Modified starch grew rapidly and became widely available to consumers around the 1940s, and it became an important part of the food processing industry for three reasons:
– There are many types of starch available such as: wheat flour, cornstarch, potato starch…
Modified starch is one of the sources that provides many special properties that normal starch cannot.
For example: In Pudding, modified starch acts as a thickener, creating a smooth texture and is very convenient if in the “fast food system” (instant system).
– In other applications, modified starch can provide a wide range of functions, from binding to solubilization, from absorption to preventing water loss, can create a thick or smooth texture, coating soft or brittle, or can stabilize emulsions.
– Modified starch is economical because it is cheaper than some substances with similar functions such as gum (thickeners, gels…).
Depending on the type of food product created, it often requires starch or a certain starch derivative such as:
There are products that need a starch form that is flexible and clear
There are products that require starch with good solubility.
Has a stable form of starch that does not degenerate at low temperatures.
There are types that do not want those properties.
There are products that require Amylose-rich starch, while there are products that require Amilopectin pure starch.
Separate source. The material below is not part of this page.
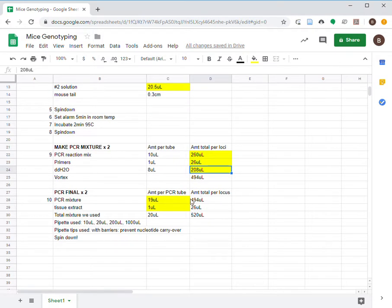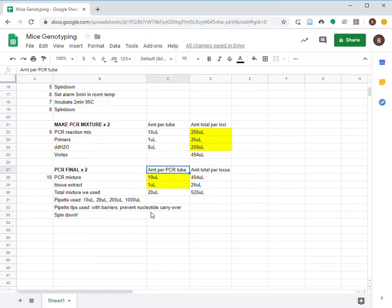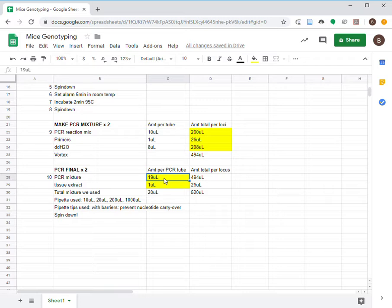Finally, we prepare the PCR tubes. We'll also do two sets for a total of 48 PCR tubes. Label and arrange the PCR tubes before beginning to work with the solutions. Into each of the PCR tubes, add 19 microliters of PCR mixture and 1 microliter of tissue extract.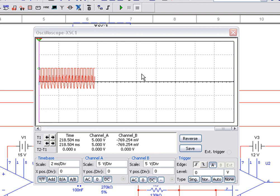To change the color of a signal, simply change the color of the associated wire in the schematic. Let's close the oscilloscope front panel so we can take a look at how we would do this.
Therefore, to get the right type of starch, one must denature the starch.
Starch modification is the process of changing the structure of starch, creating polysaccharide molecules with shorter chains, or attaching other groups to starch molecules under the influence of agents such as temperature, acid, Enzymes… lead to changes in the physical and chemical structure of starch.
Our lives are becoming richer and more wonderful thanks to the advancement of Science and Technology. Especially in the food industry: products become more beautiful, tastier, and more nutritious thanks to the application of modified starch.